Les implications sont plus lourdes qu’on veut bien le croire
Derrière ces chiffres, il y a trois signaux rouges :
1. La confiance dans les signatures souveraines est en train de s’éroder.
On n’accorde plus un blanc-seing à l’oncle Sam ou au Japon.
On veut une prime de risque. Une vraie.
2. Les taux longs explosent.
3. Et quand ils dépassent les 5%, ce n’est pas neutre.
➤ Ça alourdit la charge de la dette publique.
➤ Ça freine le crédit aux entreprises et aux ménages.
➤ Et ça rend les actions bien moins attractives (qui va prendre un risque pour du 7% alors qu’on a 5% sans risque ?).
4. Les banques centrales sont coincées.
➤ Si elles laissent faire, les taux s’envolent, et avec eux la récession.

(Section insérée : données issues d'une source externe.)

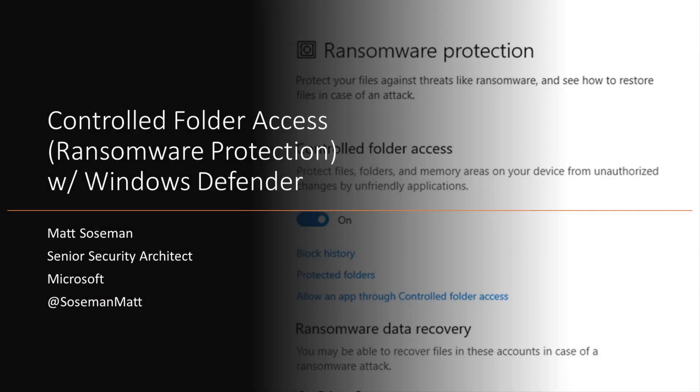Hi, I'm Matt Sosman, a senior security architect at Microsoft, and I want to talk to you about controlled folder access that's built into Windows 10 and Server 2019. I think you're going to love this because it's an easy way to protect your data against ransomware. Let's take a look.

➤ Si elles reprennent leurs achats, elles relancent l’inflation et tuent leur crédibilité.
Conclusion : ce qui est en train de se passer sur le marché obligataire se passe peut-être de façon “graduelle”… jusqu’à ce que ce soit “soudain”
Une phrase d’Hemingway décrit parfaitement la chose :
« Comment as-tu fait faillite ? » — « Graduellement, puis soudainement. »
C’est exactement ce qu’on vit.
Depuis des années, on empile de la dette.
Depuis des mois, les taux montent doucement.
Et depuis cette semaine… ils grimpent pour de vrai, avec des investisseurs qui disent : NON
La fête de la dette ? Finie.
L’open bar à taux zéro ? Fermé.
Et maintenant, il va falloir apprendre à vivre dans un monde où le capital redevient exigeant, où le risque est réel, et où les États ne peuvent plus faire n’importe quoi sans se prendre faire taper sur les doigts…
Mon conseil, intéressez-vous un peu plus aux taux d’intérêts – c’est peut-être de là que viendra le prochain coup de tonnerre. Ces derniers jours on a eu les deux premiers (coups de tonnerre), mais l’orage est encore à distance, n’oubliez pas de compter combien de secondes il y a entre le tonnerre et l’éclair pour savoir si l’orage se rapproche.